Le week-end dernier, les États-Unis ont envahi l’Iran. Plusieurs pays tentent de trouver une position et une réponse à cette situation. C’est également le cas du gouvernement belge, qui semble toujours divisé sur les questions étrangères.
Droite vs gauche
Au sein du gouvernement fédéral belge, des divergences sont apparues quant à la manière dont la Belgique doit réagir aux tensions et aux actions militaires autour de l’Iran. Georges-Louis Bouchez (MR) a ainsi exprimé sa compréhension pour les actions des États-Unis et d’Israël et a souligné que les alliés doivent se soutenir mutuellement. Le ministre de la Défense Theo Francken (N-VA) a également déclaré que l’Iran constituait depuis longtemps une menace pour la stabilité au Moyen-Orient. Ils sont également connus pour être les plus proches de Trump.

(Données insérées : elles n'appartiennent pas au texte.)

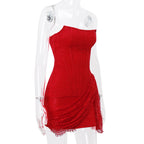 Strapless Lace Dress Party Women Fashion And Sexy Slim Skirt With Back Lace-up Design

D’autres partis au pouvoir se montrent plus critiques. Sammy Mahdi (cd&v) a averti que les attaques militaires sans mandat des Nations unies sont problématiques et pourraient constituer une violation du droit international. Les politiciens du Vooruit plaident également en faveur de la diplomatie et du dialogue. En raison de ces divergences de vues, il est difficile pour le gouvernement belge d’adopter une position claire dans le débat sur l’Iran. Jusqu’à présent, la Belgique n’apporte aucun soutien militaire.
Nostalgie d’un débat sur Israël
Cette discussion rappelle celle de l’été dernier. À l’époque, certains partis voulaient se démarquer en imposant autant de sanctions que possible à Israël et en reconnaissant immédiatement la Palestine comme un État. La division entre la gauche et la droite était déjà apparue à ce moment-là.